A couple weeks ago, I questioned how certain expanding African economies could be stepping up their export industry while maintaining sizable trade deficits. It seems that this recent food issue has shed a little light on the problem.
This food issue – because I refuse to call it a crisis – has cropped up in the past few weeks because of what a spokeswoman at the UN Food and Agriculture Organization termed the “perfect storm” of bad weather, tight food supplies and strong demand has lead to a 21 percent increase in the world’s food bill. Developing countries may end up paying even more.

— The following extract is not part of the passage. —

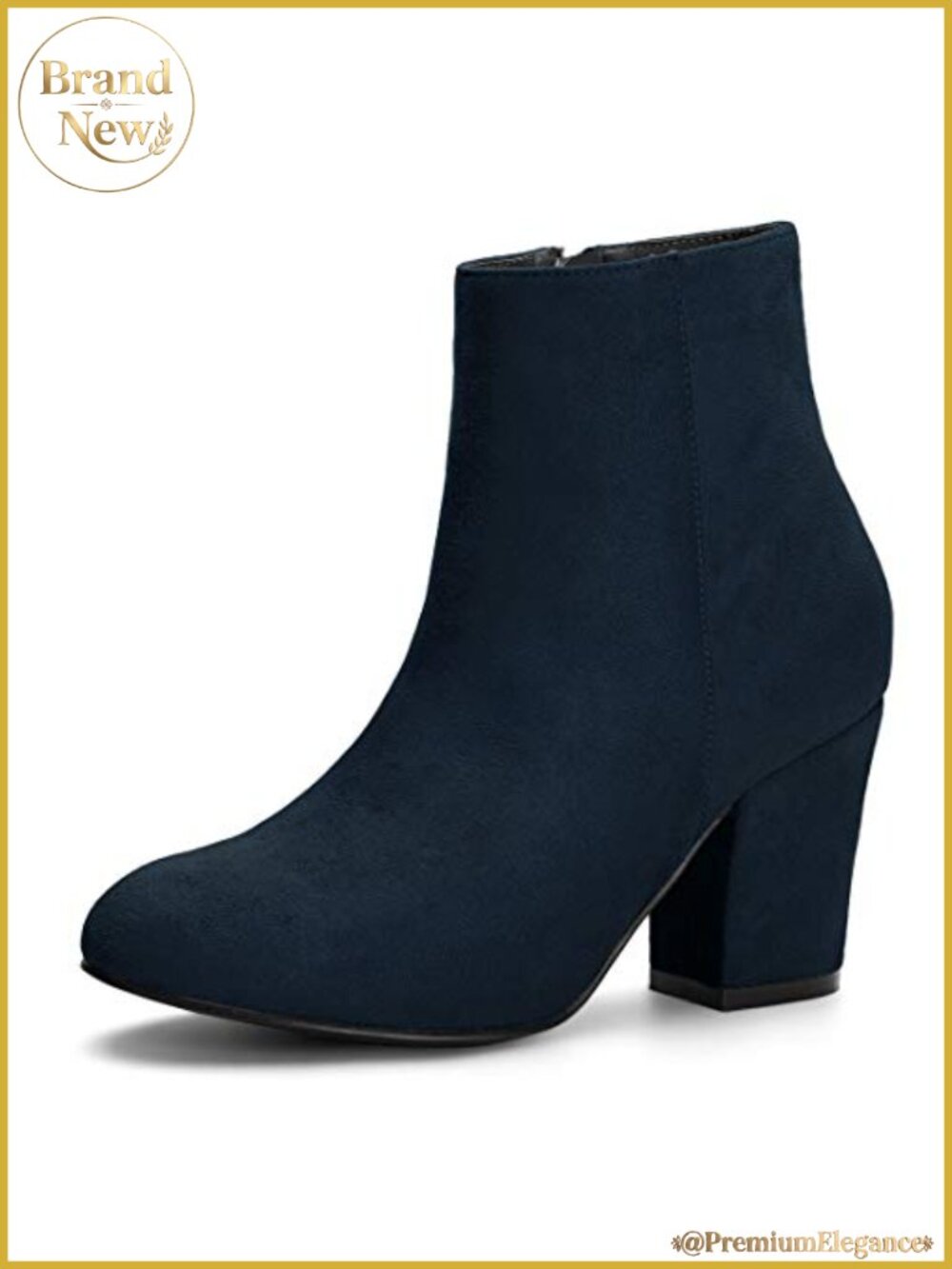 Women's Faux Suede Chunky Heel Ankle Boots with Padded Insole and Side Zip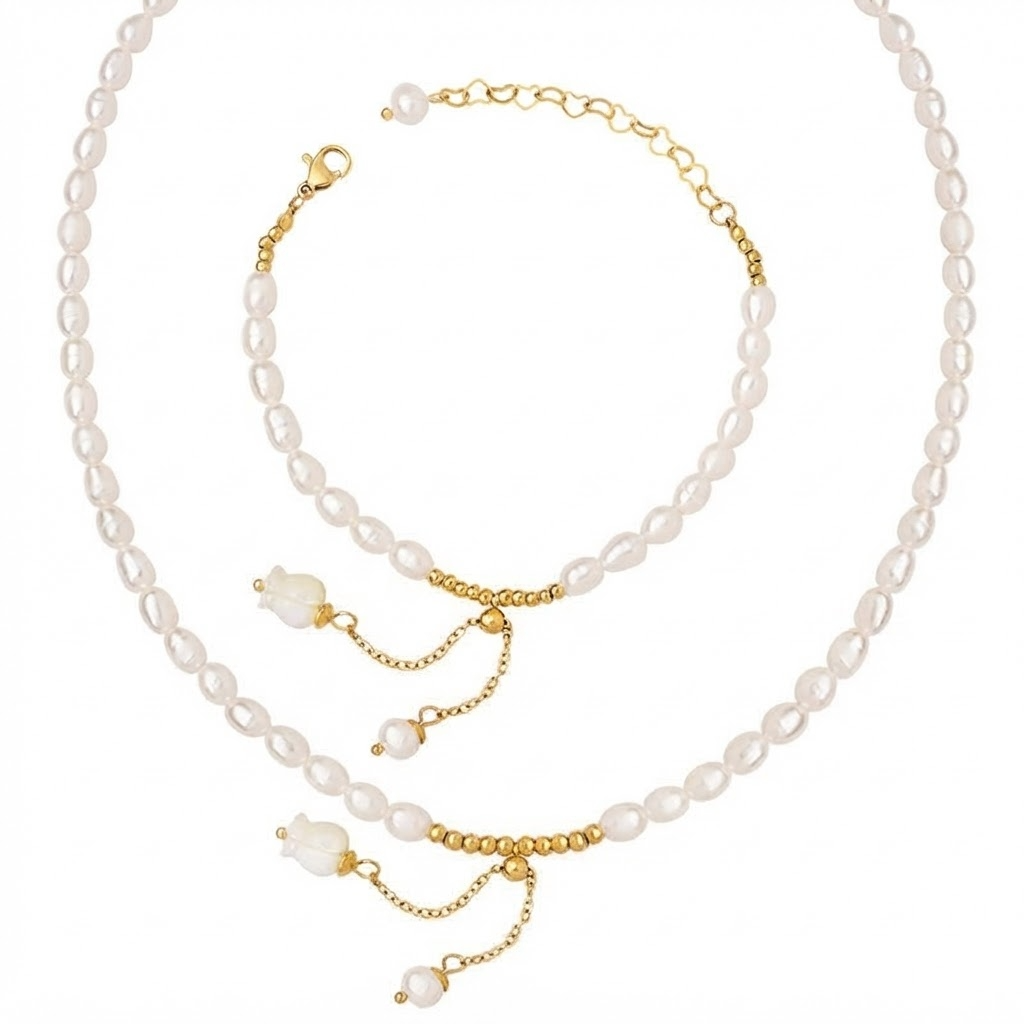 Faux pearl necklace and bracelet jewelry set with gold-toned slider closure - elegant matching pearl jewelry set with adjustable clasps and pearl drops - jewelry product photo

The press has made much out of the worried reactions of consumers around the world. Food riots took place in Mauritania and the once-pacific Senegal; the Russian government freezes prices; Italians boycotted pasta, Argentineans turned their backs on tomatoes because they became more expensive than meat.
But are things really that bad? FAO claims that price volatility has always been distinctive characteristic of the world agriculture market. The Economist claims Russian President Vladimir Putin froze prices for political gain. The Mauritian government claims the food riots there were orchestrated.
Flat bread for a flat world?
Granted, these arguments don’t lend too much optimism. The defining factor of this year’s overcharged food market is that consumers have seen simultaneous price increases in nearly every commodity.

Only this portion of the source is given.